Kuran ahlakı, bu ahlakı yaşamayan toplumların kavramakta zorlanacağı bunlar gibi pek çok yüksek ahlaki değere sahiptir. Kötülüğe iyilikle karşılık vermek olarak genelleyebileceğimiz bu güzel üslup, iman etmeyen insanların anlayışına son derece aykırıdır. Oysa Yüce Allah, kötülüğe iyilikle karşılık vermeyi, güzelliğe ise daha güzeliyle karşılık vermeyi güzel ahlak özelliği olarak bildirmiştir:
"İyilikle kötülük eşit olmaz. Sen, en güzel olan bir tarzda (kötülüğü) uzaklaştır; o zaman, (görürsün ki) seninle onun arasında düşmanlık bulunan kimse, sanki sıcak bir dost(un) oluvermiştir." (Fussilet Suresi, 34)
Ayette bildirildiği gibi Allah müminlere, kötülüğe karşı en güzel tavırla karşılık verdikleri takdirde hayırlı bir sonuç elde edeceklerini vaat etmiştir. Hatta karşılarındaki kişiyle aralarında düşmanlık gibi bir durum söz konusu olsa dahi sıcak bir dostluk oluşabileceğini haber vermiştir.
Bu konuda Peygamber Efendimiz (sav) de şöyle buyurmuştur:
Resulullah (sa) buyurdular ki: "Sakın sizden kimse kararsız olup da: "Ben insanlarla beraberim, eğer insanlar iyilik yaparsa ben de iyilik yaparı m, kötülük yaparsa ben de kötülük yaparı m" demesin. Aksine, nefsinizi sabit tutun, halk iyilik yaptı mı siz de iyilik yapı n, kötülük yaparsa zulme yer vermeyin." (Kütüb-ü Sitte, Hadis No: 5863)
Dolayısıyla müminler;
* Karşı tarafın, Allah'ın beğenmeyeceği kötü bir tavır içerisinde olduğunu gördükleri zaman, herşeyden önce bunun o kişinin ahireti açısından riskli bir durum olduğunu düşünerek, hoşgörülü ve tevazulu bir biçimde yaklaşırlar; alttan alan bir üslup kullanırlar.
* Kuran ahlakını yaşamayan insanlarda olduğu gibi "hatalı olan o, kötülüğü yapan o, önce o alttan alsın" ya da "neden alttan alayım" gibi yanlış bir mantıkla hareket etmezler.

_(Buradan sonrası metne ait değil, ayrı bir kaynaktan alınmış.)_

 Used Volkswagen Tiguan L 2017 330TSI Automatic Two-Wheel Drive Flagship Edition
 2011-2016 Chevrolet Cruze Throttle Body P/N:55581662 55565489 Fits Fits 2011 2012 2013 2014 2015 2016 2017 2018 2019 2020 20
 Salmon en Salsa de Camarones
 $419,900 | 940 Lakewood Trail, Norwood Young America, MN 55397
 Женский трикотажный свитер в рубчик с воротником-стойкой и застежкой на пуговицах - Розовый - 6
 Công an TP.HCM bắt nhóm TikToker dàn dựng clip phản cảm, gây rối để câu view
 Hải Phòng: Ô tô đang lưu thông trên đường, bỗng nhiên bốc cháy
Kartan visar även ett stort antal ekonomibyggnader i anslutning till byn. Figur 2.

* Güzel tavrı kim gösterirse Allah'ın o kişinin tavrından hoşnut olacağını ve kötülüğe maruz kalındığı halde güzellikle davranmanın Kuran ahlakına en uygun olan tavır olduğunu bilirler. Bu nedenle de alttan almanın bir kayıp olmadığını aksine büyük bir erdem ve ahiret için büyük bir kazanç olduğunu düşünerek hareket ederler.

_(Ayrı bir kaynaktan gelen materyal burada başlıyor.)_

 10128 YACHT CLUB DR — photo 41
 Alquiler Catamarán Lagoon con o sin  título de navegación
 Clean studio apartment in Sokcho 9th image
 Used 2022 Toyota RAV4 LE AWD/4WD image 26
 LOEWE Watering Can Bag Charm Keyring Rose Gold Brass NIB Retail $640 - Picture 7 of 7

Müminler Hiçbir Koşulda İyilikten Taviz Vermezler
* İman edenler hayatları boyunca çeşitli insanlarla karşılaşabilirler. Ama karşılarındaki insanların tavırlarına göre, onlar da ahlak anlayışlarını değiştirmezler. Örneğin;
* Karşı taraf alaycı konuşabilir, çirkin sözler sarf edebilir, öfkelenebilir, kötülükte bulunabilir ya da düşmanca tavırlar sergileyebilir. Ancak müminin olgunluğu, tevazusu, merhametli ve akılcı tavrı hiçbir zaman değişmez.
* Kendisine söylenen kötü bir söze kötü sözle karşılık vermez. Alay edene alayla, öfkeye öfkeyle cevap vermez. Öfkelenen bir insana karşı sakin ve itidalli olur. Kırıcı bir tavra karşılık, onu yaptığından utandıracak, güzel ahlaka özendirecek bir hoşgörü ve merhamet anlayışıyla hareket eder.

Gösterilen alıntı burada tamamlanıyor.